# FedBN Federated Learning Example

In this example, we implement the FedBN algorithm from the paper [FedBN: Federated Learning on Non-IID Features via Local Batch Normalization](https://arxiv.org/abs/2102.07623). This method is fairly straightforward and represents only a slight modification of the standard FedAvg approach for model networks that incorporate batch normalization layers. In this method, the server and clients exchange all parameters except for those associated with BatchNormalization. This implies that all model parameters are globally aggregated __except__ those underlying each clients BatchNormalization layers. The authors posit that this allows each client's model to adapt to local conditions while still learning from global datasets via aggregation of all other layers.

__NOTE__: This method doesn't do anything for models that do not significantly incorporate BN layers. Moreover, the authors show that this method performs better than FedAvg. However, it is unclear if the authors accumulate state in these layers which are aggregated by FedAvg. This could also be a source of FedAvg's underperformance, as weighted averaging of variance estimates isn't quite the right thing to do.

In any case, the method is very simple to implement in our framework. One simply needs to use a parameter exchanger with layer exclusions and specify that you'd like to exclude exchange of BatchNormalization layers. In this demo, FedBN is applied to a modified version of the MNIST dataset that is non--IID. The FL server expects three clients to be spun up (i.e. it will wait until three clients report in before starting training). Each client has it's own modified version of the MNIST dataset. This modification essentially subsamples a certain number from the original training and validation sets of MNIST in order to synthetically induce local variations in the statistical properties of the clients training/validation data.
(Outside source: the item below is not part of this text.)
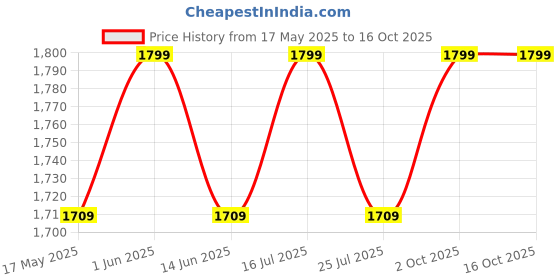 amazon.in the tie hub Gentry Rasberry pink with black button with clip Suspender For Men the tie hub Price History Graph from 17 May 2025 to 16 Oct 2025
In theory, the models should be able to perform well on their local data while learning from other clients data that has different statistical properties. The proportion of labels at each client is determined by dirichlet distribtuion across the classes. The lower the beta parameter is for each class, the higher the degree of the label heterogeneity.

The server has some custom metrics aggregation and uses Federated Averaging as its server-side optimization.

### Running the Example

In order to run the example, first ensure you have the virtual env of your choice activated and run
```
pip install --upgrade pip
pip install -r requirements.txt
```
to install all of the dependencies for this project.

## Starting Server

The next step is to start the server by running
```
python -m examples.fedbn_example.server --config_path /path/to/config.yaml
```
from the FL4Health directory. The following arguments must be present in the specified config file:
* `n_clients`: number of clients the server waits for in order to run the FL training
* `local_epochs`: number of epochs each client will train for locally
* `batch_size`: size of the batches each client will train on
* `n_server_rounds`: The number of rounds to run FL

## Starting Clients

Once the server has started and logged "FL starting," the next step, in separate terminals, is to start the three
clients. This is done by simply running (remembering to activate your environment)
```
python -m examples.fedbn_example.client --dataset_path /path/to/data
```
**NOTE**: The argument `dataset_path` has two functions, depending on whether the dataset exists locally or not. If
the dataset already exists at the path specified, it will be loaded from there. Otherwise, the dataset will be
automatically downloaded to the path specified and used in the run.

After all three clients have been started, federated learning should commence.